After Lakmé in Seattle, Tourangeau sang a number of roles in San Francisco — Elisabetta in Maria Stuarda, Adalgisa to Sutherland's Norma and Prince Orlofsky in Fledermaus. During the 1970s, Tourangeau's career flourished. After a fiery performance as Handel's Giulio Cesare in Hamburg, her photo graced the front page of the daily local paper with the following caption: "Caesar is a woman!!" Her Carmen, also in Hamburg, was a huge success, with Plácido Domingo singing Don José. "After Plácido," she says, "the other tenors, not that they are not good, seem pale. He was quite extraordinary vocally, of course, but also as an actor, with such a powerful presence onstage." She was fêted in Amsterdam, singing Bertarido in Rodelinda. In Handel's music, her voice could show its warmth, without being hard or overpowering, and display her vivid command of coloratura. "And wonderful Joan was singing better than ever," she acknowledges. "You know, up to this day I have never heard any voice approaching hers."  

One of her most high-profile collaborations with the Bonynges was Massenet's Esclarmonde, which Bonynge had unearthed as a vehicle for his wife. It was an immense success at San Francisco Opera in 1974, and Sutherland, Tourangeau and Bonynge later recorded it and brought it to the Met. "I always felt I had his absolute support, trust and affection," says Tourangeau of her mentor. "That is the way he is — generous and faithful."
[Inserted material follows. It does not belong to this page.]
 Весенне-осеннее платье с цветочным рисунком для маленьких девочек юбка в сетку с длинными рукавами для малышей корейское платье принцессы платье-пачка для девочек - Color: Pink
Tourangeau met her husband, Barry Thompson, while singing Maddalena in Rigoletto in Vancouver. He was director of the opera in Edmonton at the time, "a very handsome man, single — just like me," she smiles. They got married in Montreal, in 1969, and the next day she sang Carmen in concert with the Montreal Symphony. "I sang beautifully that day!" she laughs. 

In London, she received much praise for the trouser role of the page Urbain in a London Opera Society performance of Les Huguenots at Royal Albert Hall. She remembers the crowd waiting for her at the stage door, surrounding her with such enthusiasm that her sister Rachel, who had come from Montreal for the performance, was afraid they would crush her against the wall. "It was as if I was a pop star!"

In 1974, Sutherland and Tourangeau, under Bonynge's baton, came to the Sydney Opera House shortly after it opened. Les Contes d'Hoffmann was one of the highlights of the inaugural year. It was with this opera that Tourangeau had made her debut at the Met, on November 28, 1973. The production attracted a lot of attention for its spectacular staging, and also because it was presented in what we now call the "Bonynge version," with the original spoken dialogue, the Giulietta act's tragic ending restored and the apocryphal septet transformed into a quartet and moved to the end, allowing Stella to reappear to make clear that all three women are various incarnations of her. Tourangeau, of course, was the Muse. "I remember standing on a table, wearing a large cape," she recalls, "and then I turned around and spoke in a voice that sounded like thunder — 'La vérité, dit-on…' — in the dark. Everybody was startled, including myself!"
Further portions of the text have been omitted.